Mut zur Niederlassung

So gelingt die optimale Praxisgründung

In der Regel kann für junge Ärzte bei einer Praxisgründung nichts schief gehen: Das Insolvenzrisiko für Vertragsärzte ist gering. Junge Ärzte sollten aber die Investitionen in EDV vorab prüfen – und auf gut geschultes Personal setzen.

Ilse SchlingensiepenVon Ilse Schlingensiepen Veröffentlicht:
Viel Eigenkapital müssen Hausärzte für die Praxisgründung im Normalfall nicht aufwenden, so Experten.

Viel Eigenkapital müssen Hausärzte für die Praxisgründung im Normalfall nicht aufwenden, so Experten.

© Alliance/fotolia.com

MÜNSTER. Wenn Studierende oder junge Ärzte mit dem Gedanken spielen, als Hausarzt in eigener Praxis tätig zu werden, sollten sie sich durch eines nicht abhalten lassen: der Angst vor dem finanziellen Risiko. "Es lohnt sich, sich niederzulassen", weiß Volker Kordes, Prokurist bei der Deutschen Apotheker- und Ärztebank (apoBank).

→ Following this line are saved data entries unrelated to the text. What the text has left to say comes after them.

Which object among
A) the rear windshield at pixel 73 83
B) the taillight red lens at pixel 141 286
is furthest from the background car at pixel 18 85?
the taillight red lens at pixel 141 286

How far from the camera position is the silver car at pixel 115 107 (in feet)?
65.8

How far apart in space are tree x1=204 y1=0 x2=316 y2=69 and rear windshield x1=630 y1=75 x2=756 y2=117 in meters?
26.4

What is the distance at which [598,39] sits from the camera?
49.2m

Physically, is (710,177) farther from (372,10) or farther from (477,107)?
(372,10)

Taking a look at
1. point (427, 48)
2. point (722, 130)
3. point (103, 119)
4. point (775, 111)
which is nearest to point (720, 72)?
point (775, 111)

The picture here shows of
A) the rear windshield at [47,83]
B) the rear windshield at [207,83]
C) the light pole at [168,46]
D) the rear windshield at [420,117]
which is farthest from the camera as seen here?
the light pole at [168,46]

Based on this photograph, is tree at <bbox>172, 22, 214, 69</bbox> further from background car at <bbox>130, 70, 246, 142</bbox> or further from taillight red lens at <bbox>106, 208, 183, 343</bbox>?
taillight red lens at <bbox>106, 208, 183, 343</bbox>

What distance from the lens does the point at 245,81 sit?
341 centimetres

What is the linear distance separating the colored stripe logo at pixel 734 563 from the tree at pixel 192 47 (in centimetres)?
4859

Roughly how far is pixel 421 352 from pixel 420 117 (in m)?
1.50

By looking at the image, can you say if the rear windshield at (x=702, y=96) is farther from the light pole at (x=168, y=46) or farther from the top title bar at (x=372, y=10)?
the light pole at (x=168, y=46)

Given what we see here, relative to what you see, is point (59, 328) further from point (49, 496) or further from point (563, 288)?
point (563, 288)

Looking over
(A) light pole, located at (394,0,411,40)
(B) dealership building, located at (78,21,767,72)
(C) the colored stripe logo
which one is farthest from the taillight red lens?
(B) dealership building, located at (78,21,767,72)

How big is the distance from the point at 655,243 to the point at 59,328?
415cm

Die Niederlassungsstudie der apoBank liefert seiner Meinung nach einen schlagkräftigen Beweis. "90 Prozent derer, die sich niedergelassen haben, würden es wieder tun", berichtete Kordes bei der Veranstaltung "Nachwuchsinitiative Allgemeinmedizin – Zukunft Praxis" des westfälisch-lippischen Hausärzteverbands in Münster.

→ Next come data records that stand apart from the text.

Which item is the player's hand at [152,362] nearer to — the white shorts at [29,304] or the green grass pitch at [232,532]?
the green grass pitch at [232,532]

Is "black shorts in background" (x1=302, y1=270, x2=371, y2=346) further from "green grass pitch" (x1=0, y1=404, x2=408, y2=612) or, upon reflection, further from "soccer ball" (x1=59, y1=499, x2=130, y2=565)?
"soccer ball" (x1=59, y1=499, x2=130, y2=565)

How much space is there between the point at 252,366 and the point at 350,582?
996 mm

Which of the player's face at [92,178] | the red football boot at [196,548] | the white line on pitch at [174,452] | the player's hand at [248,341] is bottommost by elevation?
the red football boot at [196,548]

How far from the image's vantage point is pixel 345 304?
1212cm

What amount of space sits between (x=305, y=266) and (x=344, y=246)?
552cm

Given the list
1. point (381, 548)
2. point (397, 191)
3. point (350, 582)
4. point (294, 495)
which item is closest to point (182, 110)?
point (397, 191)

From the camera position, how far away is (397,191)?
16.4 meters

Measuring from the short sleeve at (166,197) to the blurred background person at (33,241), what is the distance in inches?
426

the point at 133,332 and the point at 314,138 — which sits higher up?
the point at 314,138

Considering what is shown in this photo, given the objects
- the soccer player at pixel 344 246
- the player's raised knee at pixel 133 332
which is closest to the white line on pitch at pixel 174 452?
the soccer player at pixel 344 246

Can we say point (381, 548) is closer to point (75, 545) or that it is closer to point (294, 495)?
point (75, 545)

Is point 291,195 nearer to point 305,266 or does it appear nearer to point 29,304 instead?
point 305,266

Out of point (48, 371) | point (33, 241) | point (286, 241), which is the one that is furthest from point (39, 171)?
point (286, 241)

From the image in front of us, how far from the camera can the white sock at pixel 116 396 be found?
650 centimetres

Schulden eher selten ein Problem

Der Anteil der Vertragsärzte, die insolvent werden, ist mit 0,05 Prozent äußerst gering, beruhigte er seine Zuhörer. Und bei diesen wenigen sei in der Regel nicht die Praxis der Grund für die finanziellen Probleme, sondern der Privatbereich.

Weil das so ist, haben niederlassungswillige Ärzte keine Probleme, sich ihre Projekte von den Banken finanzieren zu lassen. Das gilt für Neugründungen ebenso wie für Übernahmen – Neugründungen sind allerdings angesichts der großen Zahl von Praxisinhabern, die Nachfolger suchen, sehr selten geworden, berichtete er.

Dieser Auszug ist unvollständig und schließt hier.